Sooty Grunter, sometimes called a black bream, but not in WA


----------



## Chris.j (May 23, 2008)

Great pics there Henry.


----------



## mrmikk (May 23, 2008)

Some of the best wildlife photos !


----------



## hazzard (May 23, 2008)

Oh but wild BHP's are never large or fat, must be an escaped captive!
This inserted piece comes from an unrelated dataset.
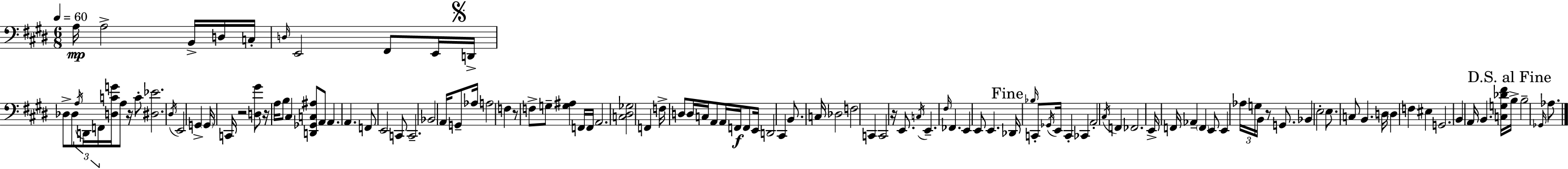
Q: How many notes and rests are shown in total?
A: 120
Marvellous photos again mate, wow the colours on that boiga, the tamron pics look good, impressed with the lens?


----------



## mattmc (May 23, 2008)

henry....doing your self proud with that new camera .....great pics but you can only get better ....looks like you had a supurb time....
Cheers mate
Matt


----------



## michelleryan (May 23, 2008)

Awsome pics. Thanks for the turtle pic!


----------



## JasonL (May 23, 2008)

Gee, with all those bird pics at the start I thought you may of been turning weird on us... too long in the bush.... but you came good at the end, great pics.


----------



## skakavacjakovac (May 23, 2008)

Wounderfull Examples!! you must have had a ball there!! jelous!!


----------



## Shannon (May 23, 2008)

Fantastic post - thanks for sharing!


----------



## Troy 1000 (May 24, 2008)

Great shots,
You obviously had a great time


----------



## smacdonald (May 24, 2008)

Nice haul. Where in the Kimberley were you?

Stewart


----------



## Nephrurus (May 24, 2008)

reptilesDownUnder said:


> Nice haul. Where in the Kimberley were you?
> 
> Stewart



In the far north west, north of Mitchell Plateau. 

-H


----------



## smacdonald (May 24, 2008)

Nephrurus said:


> Cryptoblepharus megastictus will probably be slpit into several species. They are buggars to photograph, and this was the best i got. Unfortunately it's on a log instead of the usual rock.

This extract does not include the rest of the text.